═══ Data section

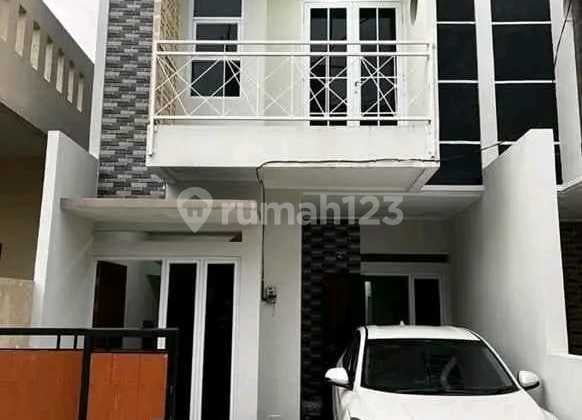 Affordable Flood-Free House in Cipayung, Jakarta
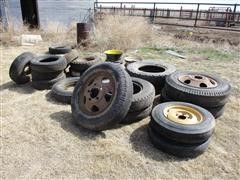 Assorted Tires/Rims 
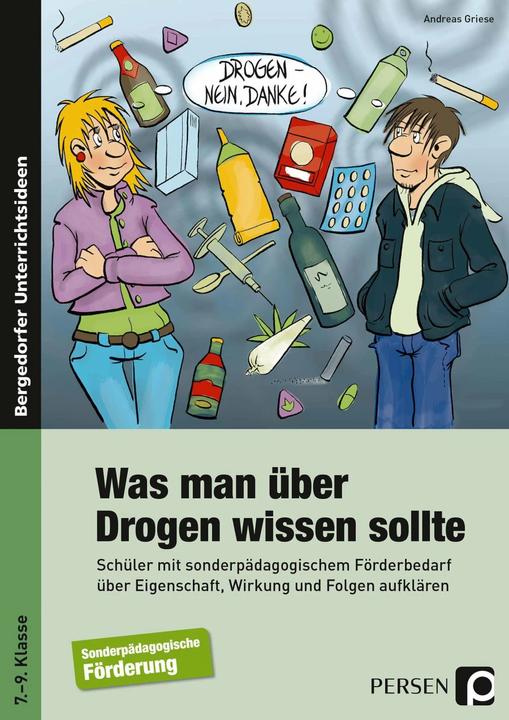 Produktbild Was man über Drogen wissen sollte (Deutsch, Andreas Griese, 2011)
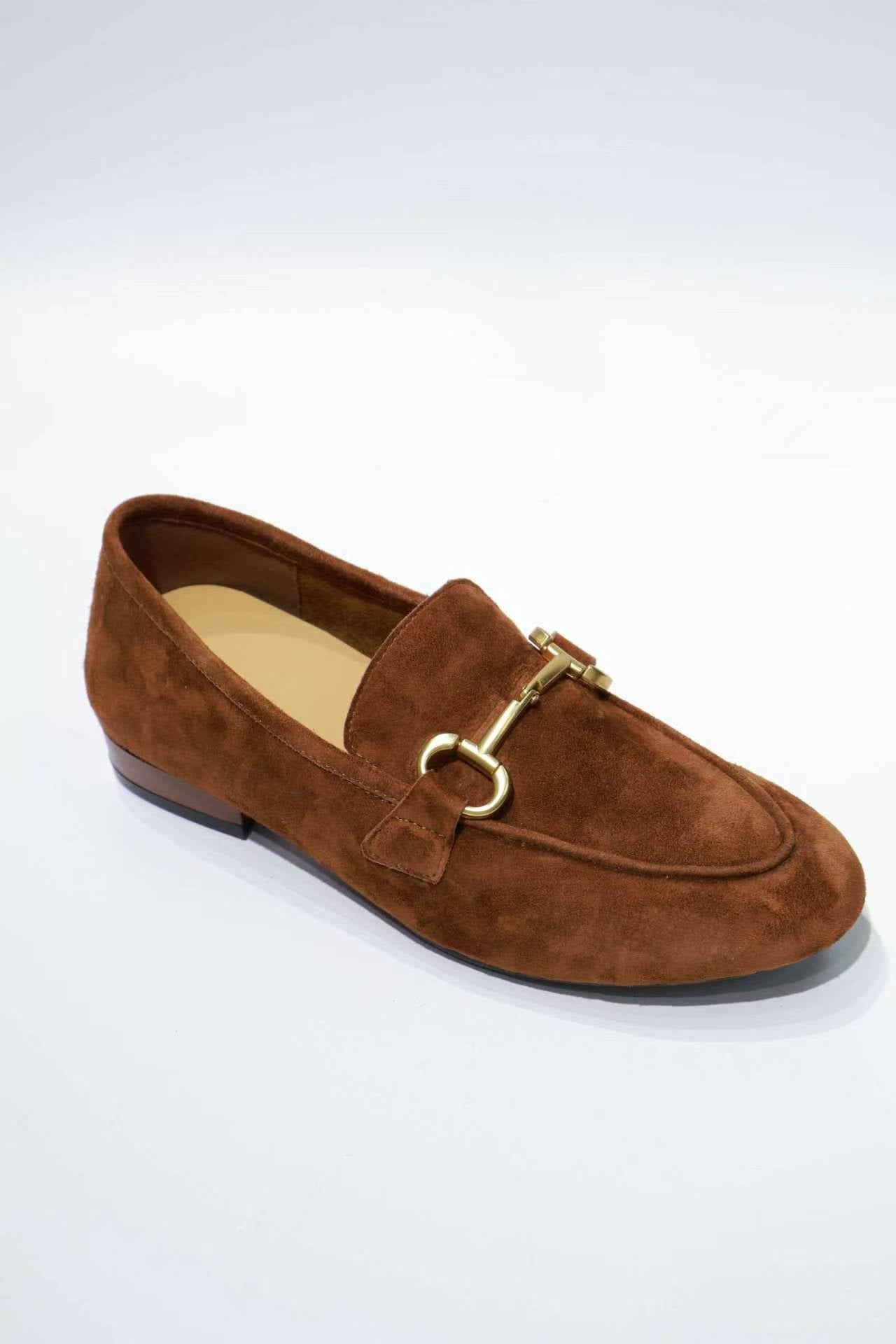 Premium Glue-Free Leather Loafers - Ultra-Soft & Professional Comfort for Commuting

══════

◆ What is expected:
Write the listing out exactly, apart from its pictures.

◆ Solution for this task:
 Affordable Flood-Free House in Cipayung, Jakarta
 Assorted Tires/Rims 
 Produktbild Was man über Drogen wissen sollte (Deutsch, Andreas Griese, 2011)
 Premium Glue-Free Leather Loafers - Ultra-Soft & Professional Comfort for Commuting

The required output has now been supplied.